First of all, as others have said, I'd check into the terms of the contract and have an attorney look it over. As a matter of fact, when you ask the salesman for a copy so you can take it to an attorney there's a good chance he'll crawdad on you and try to say something like, "there's no need in getting an attorney involved. It will just cost you more money." If this does happen, get up and walk away from the deal and don't look back. 
Second of all, I'd want it clear and in writing how much of your monthly payment will go towards the principal of the note. Some of thes "rent to own" deals sound to good to be true and infact are no different than credit card debt. 
Next, I'd find out what the payoff amount would be. Will there be penalties for early payoff? I'm not sure whether it's a good deal or not, but I've heard of folks with bad credit getting into one of these deals knowing there's no penalty for early payoff and using the land as colateral at a bank to borrow money under a conventional land loan to pay the landshark off. Once again, I'm not sure if this is a good idea or not. You'll end up paying more loan fees this way.


----------



## Reauxman (Sep 14, 2002)

My experience is that these rarely work out unless it is a very low dollar home.

If you cannot afford a down payment and closing cost, you likely cannot afford payments. I've set so many people up with these against me better judgement, and they never work out.


----------



## mamato3 (Nov 1, 2008)

after talking to them were going to pass dad has allowed us to stay here and sell this mobile and get a different one.

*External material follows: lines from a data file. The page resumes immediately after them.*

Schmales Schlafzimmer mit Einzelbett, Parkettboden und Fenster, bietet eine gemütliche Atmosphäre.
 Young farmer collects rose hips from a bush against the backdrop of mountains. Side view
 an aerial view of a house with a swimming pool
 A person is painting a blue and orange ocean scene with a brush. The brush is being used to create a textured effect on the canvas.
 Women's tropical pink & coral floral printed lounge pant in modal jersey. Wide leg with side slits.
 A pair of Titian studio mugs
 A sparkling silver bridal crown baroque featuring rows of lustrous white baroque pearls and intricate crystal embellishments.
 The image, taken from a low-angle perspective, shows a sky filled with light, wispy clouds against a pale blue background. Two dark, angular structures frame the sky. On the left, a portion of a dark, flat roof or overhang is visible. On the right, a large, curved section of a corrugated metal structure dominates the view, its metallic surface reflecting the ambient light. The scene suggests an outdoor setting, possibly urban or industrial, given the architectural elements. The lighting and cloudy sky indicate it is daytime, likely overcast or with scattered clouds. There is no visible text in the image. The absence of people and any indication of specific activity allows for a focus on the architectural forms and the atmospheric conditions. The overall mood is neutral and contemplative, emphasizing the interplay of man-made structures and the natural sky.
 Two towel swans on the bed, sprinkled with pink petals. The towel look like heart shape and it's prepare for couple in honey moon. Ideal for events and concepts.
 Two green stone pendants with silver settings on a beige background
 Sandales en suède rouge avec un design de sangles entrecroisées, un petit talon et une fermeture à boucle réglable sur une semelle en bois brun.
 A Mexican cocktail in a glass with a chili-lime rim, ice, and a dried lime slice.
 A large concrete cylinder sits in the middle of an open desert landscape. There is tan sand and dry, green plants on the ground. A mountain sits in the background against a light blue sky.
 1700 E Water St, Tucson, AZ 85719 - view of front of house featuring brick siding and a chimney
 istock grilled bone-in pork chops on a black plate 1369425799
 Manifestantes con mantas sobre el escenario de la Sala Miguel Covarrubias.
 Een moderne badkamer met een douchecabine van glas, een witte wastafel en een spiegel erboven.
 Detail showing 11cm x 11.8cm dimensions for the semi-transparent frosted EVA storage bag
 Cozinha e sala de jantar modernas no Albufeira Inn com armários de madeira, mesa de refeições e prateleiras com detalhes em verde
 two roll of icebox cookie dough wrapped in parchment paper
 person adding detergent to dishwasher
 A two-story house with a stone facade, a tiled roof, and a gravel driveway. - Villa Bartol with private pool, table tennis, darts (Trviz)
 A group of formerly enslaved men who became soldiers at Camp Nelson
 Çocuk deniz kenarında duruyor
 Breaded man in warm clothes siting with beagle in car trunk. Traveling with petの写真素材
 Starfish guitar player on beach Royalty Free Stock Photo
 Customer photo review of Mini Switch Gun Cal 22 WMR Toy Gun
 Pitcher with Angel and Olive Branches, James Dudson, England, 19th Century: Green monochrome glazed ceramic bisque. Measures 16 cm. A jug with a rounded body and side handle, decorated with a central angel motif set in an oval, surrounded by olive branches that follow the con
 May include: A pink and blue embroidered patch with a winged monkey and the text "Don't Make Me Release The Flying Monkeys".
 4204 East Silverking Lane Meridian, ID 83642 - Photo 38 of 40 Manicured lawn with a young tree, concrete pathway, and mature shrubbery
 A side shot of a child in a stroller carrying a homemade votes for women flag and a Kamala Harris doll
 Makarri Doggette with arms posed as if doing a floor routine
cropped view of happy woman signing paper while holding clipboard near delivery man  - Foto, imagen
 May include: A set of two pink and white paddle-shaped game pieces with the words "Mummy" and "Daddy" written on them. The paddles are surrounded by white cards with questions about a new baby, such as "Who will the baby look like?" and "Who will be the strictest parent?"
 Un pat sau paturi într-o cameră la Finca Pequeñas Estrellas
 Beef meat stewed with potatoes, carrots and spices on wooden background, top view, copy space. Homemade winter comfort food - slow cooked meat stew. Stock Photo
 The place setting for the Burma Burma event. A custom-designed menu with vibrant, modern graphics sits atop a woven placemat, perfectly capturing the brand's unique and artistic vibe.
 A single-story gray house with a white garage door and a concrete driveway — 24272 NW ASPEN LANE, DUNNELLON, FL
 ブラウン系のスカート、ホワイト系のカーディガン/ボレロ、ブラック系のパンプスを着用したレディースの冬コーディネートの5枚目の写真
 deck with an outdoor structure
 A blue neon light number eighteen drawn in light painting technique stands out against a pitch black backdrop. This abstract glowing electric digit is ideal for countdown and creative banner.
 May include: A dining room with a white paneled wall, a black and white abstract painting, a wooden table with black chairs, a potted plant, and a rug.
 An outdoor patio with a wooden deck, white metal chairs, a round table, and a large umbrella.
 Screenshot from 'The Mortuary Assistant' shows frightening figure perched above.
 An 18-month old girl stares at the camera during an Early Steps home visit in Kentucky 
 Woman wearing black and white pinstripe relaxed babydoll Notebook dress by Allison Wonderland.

I really was wanting to get away from mobiles but thats the only thing we can get a small loan for go figure. Thanks everyone for your help.


----------



## Forest Breath (Oct 23, 2009)

It can be done and done successfully. I heard from my land attorney that this is being done more now than in the past due to various reasons. He does the contracts for people and I considered this when I bought our farm, I discussed it with him at length and as long as you are careful and have an attorney, you are OK with this. 

The thing you need to do is check on the guy making the offer, talk to him, take notes and tell him you plan to have a good attorney that specializes in lease purchase agreements to oversee the contract. Then inform him that you have a friend who made a bad mistake doing something like this, the contract was not valid in court, one owner died and she not only lost her farm, but had to tear down the home she built and move it in 10 days and had almost $20,000 in legal fees getting it straightened out. So because of her bad choices and horrible mistake...you will learn from it and make sure that your family does not suffer through that. 

Get yourself an attorney, most will do a lease purchase agreement for you for under $500.00. Trust me, it is worth it. In addition, you must tell the attorney you want it put in the agreement that the heirs are bound to the contract in case of death...DO NOT LEAVE THIS PART OUT! After signing the contract take your original to the court house in the town where the house is and file it in court. It will cost about $4.00 a page to get it filed but will be worth it because you will have legal evidence of the binding contract in case it is ever needed in the future. 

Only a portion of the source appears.